Detection and attribution studies (beginning with Hasselmann 1993) initially focused on global temperature means and patterns (Hegerl et al. 1997; Stott et al. 2000), in both longitude–latitude and latitude–altitude (Stott et al. 2001; Santer et al. 2003). Subsequently, detection and attribution has been applied to zonal mean precipitation patterns (e.g., Lambert et al. 2005), surface temperature extremes (e.g., Tebaldi et al. 2006; Stott et al. 2011), ocean heat content (Barnett et al. 2005), Arctic sea ice (Min et al. 2008), western U.S. hydroclimate (Barnett et al. 2008; Pierce et al. 2008), northern and southern annular modes (Gillett et al. 2005), and more. A related approach, fractional attributable risk, has been applied to specific extreme events like the 2003 European heat wave (e.g., Stott et al. 2004). Other important aspects of global climate, for example, the El Niño–Southern Oscillation and tropical cyclones, have not exhibited a detectable change (Hegerl et al. 2007).
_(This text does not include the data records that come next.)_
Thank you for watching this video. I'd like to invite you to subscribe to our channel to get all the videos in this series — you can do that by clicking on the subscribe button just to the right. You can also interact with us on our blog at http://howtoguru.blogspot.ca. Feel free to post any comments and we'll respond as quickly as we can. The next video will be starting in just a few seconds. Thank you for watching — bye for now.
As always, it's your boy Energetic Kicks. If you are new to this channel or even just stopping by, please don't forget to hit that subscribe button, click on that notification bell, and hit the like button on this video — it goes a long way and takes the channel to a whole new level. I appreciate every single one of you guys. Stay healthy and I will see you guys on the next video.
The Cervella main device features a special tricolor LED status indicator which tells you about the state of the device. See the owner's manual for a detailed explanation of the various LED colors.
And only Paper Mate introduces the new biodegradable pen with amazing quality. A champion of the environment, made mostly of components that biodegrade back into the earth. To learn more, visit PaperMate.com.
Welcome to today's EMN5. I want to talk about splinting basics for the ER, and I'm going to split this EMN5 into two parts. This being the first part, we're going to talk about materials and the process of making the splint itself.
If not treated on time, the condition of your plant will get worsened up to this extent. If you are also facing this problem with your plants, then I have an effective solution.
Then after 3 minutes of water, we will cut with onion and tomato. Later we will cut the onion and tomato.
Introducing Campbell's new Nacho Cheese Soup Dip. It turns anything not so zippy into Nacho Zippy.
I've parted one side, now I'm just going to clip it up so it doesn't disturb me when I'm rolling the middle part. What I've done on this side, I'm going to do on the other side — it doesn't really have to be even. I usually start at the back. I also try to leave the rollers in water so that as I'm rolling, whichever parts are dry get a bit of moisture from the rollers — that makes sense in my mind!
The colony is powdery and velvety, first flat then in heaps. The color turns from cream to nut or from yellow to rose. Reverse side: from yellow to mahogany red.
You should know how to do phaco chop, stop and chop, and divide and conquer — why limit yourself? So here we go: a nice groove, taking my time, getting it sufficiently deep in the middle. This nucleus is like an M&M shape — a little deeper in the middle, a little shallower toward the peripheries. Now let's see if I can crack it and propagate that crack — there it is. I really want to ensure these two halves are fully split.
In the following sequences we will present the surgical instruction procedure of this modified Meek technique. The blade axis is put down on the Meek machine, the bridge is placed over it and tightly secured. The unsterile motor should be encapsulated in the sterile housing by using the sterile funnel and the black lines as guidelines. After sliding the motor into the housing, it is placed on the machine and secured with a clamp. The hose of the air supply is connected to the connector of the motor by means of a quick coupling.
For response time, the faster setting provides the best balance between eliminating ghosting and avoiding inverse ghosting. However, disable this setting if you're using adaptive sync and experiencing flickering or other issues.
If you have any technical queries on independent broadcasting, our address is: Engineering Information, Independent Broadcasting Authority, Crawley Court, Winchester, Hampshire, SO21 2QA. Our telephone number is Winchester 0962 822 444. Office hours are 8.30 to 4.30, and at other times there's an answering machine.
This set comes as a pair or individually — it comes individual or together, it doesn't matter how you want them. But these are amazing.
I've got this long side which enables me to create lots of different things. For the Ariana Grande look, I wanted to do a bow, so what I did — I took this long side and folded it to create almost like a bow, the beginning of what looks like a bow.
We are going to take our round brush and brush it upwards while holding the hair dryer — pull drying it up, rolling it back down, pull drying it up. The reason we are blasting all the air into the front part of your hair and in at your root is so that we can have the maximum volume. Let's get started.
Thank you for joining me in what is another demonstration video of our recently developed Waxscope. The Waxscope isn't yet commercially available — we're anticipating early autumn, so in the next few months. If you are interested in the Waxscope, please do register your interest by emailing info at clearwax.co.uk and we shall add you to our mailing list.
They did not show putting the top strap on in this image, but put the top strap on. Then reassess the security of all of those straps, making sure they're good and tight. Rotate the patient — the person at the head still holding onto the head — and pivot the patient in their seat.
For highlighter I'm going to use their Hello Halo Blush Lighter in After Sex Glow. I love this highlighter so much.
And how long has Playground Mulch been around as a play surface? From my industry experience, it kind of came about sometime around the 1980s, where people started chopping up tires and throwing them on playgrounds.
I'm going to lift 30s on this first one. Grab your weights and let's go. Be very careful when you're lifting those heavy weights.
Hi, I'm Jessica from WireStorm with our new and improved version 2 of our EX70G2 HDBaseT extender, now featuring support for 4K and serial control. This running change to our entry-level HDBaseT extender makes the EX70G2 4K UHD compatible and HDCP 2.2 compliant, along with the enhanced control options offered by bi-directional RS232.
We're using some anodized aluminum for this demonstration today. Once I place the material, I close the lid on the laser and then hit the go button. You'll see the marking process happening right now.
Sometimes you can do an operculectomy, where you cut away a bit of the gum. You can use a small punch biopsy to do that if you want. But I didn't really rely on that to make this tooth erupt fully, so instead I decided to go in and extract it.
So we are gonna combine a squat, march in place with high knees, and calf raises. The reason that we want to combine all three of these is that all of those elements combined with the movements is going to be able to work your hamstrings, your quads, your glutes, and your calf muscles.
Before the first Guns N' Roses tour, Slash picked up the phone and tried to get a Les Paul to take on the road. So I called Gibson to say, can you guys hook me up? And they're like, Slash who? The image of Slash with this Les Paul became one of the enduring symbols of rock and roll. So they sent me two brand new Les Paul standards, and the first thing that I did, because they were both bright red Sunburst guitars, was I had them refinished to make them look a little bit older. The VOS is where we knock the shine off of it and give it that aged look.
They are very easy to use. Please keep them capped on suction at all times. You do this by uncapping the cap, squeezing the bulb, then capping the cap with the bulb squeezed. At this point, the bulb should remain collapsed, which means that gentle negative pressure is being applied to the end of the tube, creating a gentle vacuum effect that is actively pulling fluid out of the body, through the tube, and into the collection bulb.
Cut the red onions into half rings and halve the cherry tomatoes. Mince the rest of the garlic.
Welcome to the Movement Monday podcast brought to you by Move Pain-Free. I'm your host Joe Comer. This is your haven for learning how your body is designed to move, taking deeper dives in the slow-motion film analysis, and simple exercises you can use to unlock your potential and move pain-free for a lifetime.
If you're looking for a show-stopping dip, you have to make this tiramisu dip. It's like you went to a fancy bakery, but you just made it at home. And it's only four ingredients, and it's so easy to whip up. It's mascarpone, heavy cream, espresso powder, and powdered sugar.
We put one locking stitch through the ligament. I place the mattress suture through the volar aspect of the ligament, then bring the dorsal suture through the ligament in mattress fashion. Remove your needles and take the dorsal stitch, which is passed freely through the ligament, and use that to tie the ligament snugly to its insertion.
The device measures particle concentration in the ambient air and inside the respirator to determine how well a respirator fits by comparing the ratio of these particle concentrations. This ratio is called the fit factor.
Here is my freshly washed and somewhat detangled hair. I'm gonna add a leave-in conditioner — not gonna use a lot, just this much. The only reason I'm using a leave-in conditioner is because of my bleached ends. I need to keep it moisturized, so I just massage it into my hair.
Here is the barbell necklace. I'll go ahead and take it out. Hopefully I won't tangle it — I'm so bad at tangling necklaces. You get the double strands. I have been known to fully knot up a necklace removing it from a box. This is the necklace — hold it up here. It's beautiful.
Northern Hemisphere (NH) snow cover extent (SCE) is among the most important indicators of global climate variability and change. An increase in global temperature should cause a decline in total snow cover extent given the 0°C-threshold response of snow formation and melt. However, increases in winter precipitation could be sufficient to offset this response regionally, particularly at high latitudes and elevations (Brown and Mote 2009). Of course, a decrease in winter precipitation would also bring less snow, temperature being equal.
To date, no detection and attribution studies of spring NH SCE have been published. Brown and Mote (2009) did compare satellite-derived snow cover patterns with simulated snow cover from global climate models (GCMs) for the years 1970–99 but did not compare the temporal trends. Very recently, Derksen and Brown (2012) showed that late spring–early summer (May–June) NH snow cover, which is predominantly over the Arctic, decreased significantly over the last four decades and that the decrease in June SCE was greater than that simulated by an ensemble of eight GCMs in phase 5 of the Coupled Model Intercomparison Project (CMIP5). In contrast, our study compares 90 years of observed snow cover in March–April (when the snow cover extent is much greater) to simulations from 15 CMIP5 GCMs and performs a formal detection and attribution exercise known as optimal fingerprinting.
Our source for observed SCE was March and April snow covered area for the Northern Hemisphere over the period from 1922 to 2010 from Brown (2000) and Brown and Robinson (2011). Simulated monthly NH SCE was obtained from the CMIP5 multimodel ensemble (Taylor et al. 2012). We acquired SCE for two CMIP5 experiments for the period 1850–2005. The first experiment, “historicalNat,” used natural external forcings only, which include solar irradiance and volcanic gases. The second experiment, “historical,” used both natural and anthropogenic forcing; the latter includes long-lived greenhouse gases, aerosols and chemically active gases, though not all models include the identical suite of anthropogenic forcing agents. Simulated monthly SCE that excluded any time-varying forcing came from long-duration runs under the CMIP5 preindustrial control experiment “piControl.”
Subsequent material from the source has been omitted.